How to evaluate $\int_S(x^4+y^4+z^4) \, dS$ over surface of the unit sphere.

Question

Question. Let $S$ denote the unit sphere in $\mathbb{R}^3$. Evaluate: $$\int_S (x^4+y^4+z^4) \, dS$$

My Solution. First I parametrize $S$ by $$r(u,v)=(\cos v \cos u, \cos v \sin u, \sin v)$$ $0\le u \le 2 \pi;~-\frac{\pi}{2}\le v \le \frac{\pi}{2}$

Let $~f(x,y,z)=x^4+y^4+z^4$. Here $~|\frac{\partial r}{\partial u} \times \frac{\partial r}{\partial v}|=|\cos v|$

Then $\displaystyle \int_S(x^4+y^4+z^4)\,dS = \int_{-\pi/2}^{\pi/2} \int_0^{2\pi} f[r(u,v)] \left|\frac{\partial r}{\partial u} \times \frac{\partial r}{\partial v}\right|~du~dv$

Thus I try to calculate this integral directly using the definition of surface integral.

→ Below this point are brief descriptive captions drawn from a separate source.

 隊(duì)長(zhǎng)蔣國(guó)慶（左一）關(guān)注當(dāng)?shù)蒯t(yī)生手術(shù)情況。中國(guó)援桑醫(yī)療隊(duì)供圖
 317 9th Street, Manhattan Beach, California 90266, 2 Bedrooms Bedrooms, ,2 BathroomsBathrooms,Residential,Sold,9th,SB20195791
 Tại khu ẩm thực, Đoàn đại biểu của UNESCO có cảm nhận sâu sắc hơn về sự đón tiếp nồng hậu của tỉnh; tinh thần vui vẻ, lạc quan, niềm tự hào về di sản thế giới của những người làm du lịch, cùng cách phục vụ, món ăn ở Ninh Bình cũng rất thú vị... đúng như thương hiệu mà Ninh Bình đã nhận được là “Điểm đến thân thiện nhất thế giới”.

But I had so much calculations in this way. Does this particular problem can be solved using any theorems e.g-Gauss' Divergence (By writing $f$ as $F\cdot n$ for some vector field $F$? Thank you.

Answer 1

Let $~f(x,y,z)=x^4+y^4+z^4$

The unit outward drawn normal to $S$ is $n=(x,y,z)$. Taking $F=(x^3,y^3,z^3)$ we have $f=F.n$. Hence the given integral:

$\int_{S}f(x,y,z)dS=\int_{S}F.n~dS=\int_{V}div F~dV =3\int_{0}^{1}\int_{-\pi/2}^{-\pi/2}\int_{0}^{2\pi}r^2|\cos v|~dr~du~dv=\frac{12\pi}{5}.$

Answer 2

I shall denote by $\text{d}\Sigma$ the surface area element. In the polar form $$(x,y,z)=\big(r\cos(\phi)\sin(\theta),r\sin(\phi)\cos(\theta),r\cos(\theta)\big)\,,$$ I would only compute the integral $$\int_{\partial B_1(\boldsymbol{0})}\,z^4\,\text{d}\Sigma=\int_0^{2\pi}\,\int_0^\pi\,\cos^4(\theta)\,\sin(\theta)\,\text{d}\theta\,\text{d}\phi=2\pi\,\int_{-1}^{+1}\,t^4\,\text{d}t=\frac{4\pi}{5}\,,$$ where $t:=\cos(\theta)$, and then multiply that by $3$ to get the final answer. Due to symmetry, this is justified.

Answer 3

Direct calculation (unit sphere). $x^4+y^4+z^4=(x^2+y^2+z^2)^2-2(x^2y^2+x^2z^2+y^2z^2)=(1-2h)$

where $h=cos^4vcos^2usin^2u+cos^2vsin^2v=h_1+h_2$. The surface integral is $S=\int_0^{2\pi}\int_{\frac{-\pi}{2}}^{\frac{\pi}{2}}(1-2h)cosvdvdu$. These can be calculated directly. $\int_0^{2\pi}\int_{\frac{-\pi}{2}}^{\frac{\pi}{2}}cosvdvdu=4\pi$. Let $I_1=\int_0^{2\pi}\int_{\frac{-\pi}{2}}^{\frac{\pi}{2}}cos^5vdvcos^2usin^2udu$. Let $I_2=\int_0^{2\pi}\int_{\frac{-\pi}{2}}^{\frac{\pi}{2}}sin^2vcos^3vdv$. At this point note that $I_1=\frac{I_2}{2}$. $I_2$ is easier to calculate, so we don't need to calculate $I_1$. $I_2=\int_0^{2\pi}\int_{\frac{-\pi}{2}}^{\frac{\pi}{2}}(sin^2v-sin^4v)cosvdv=\frac{8\pi}{15}$. Therefore $S=\frac{12\pi}{5}$.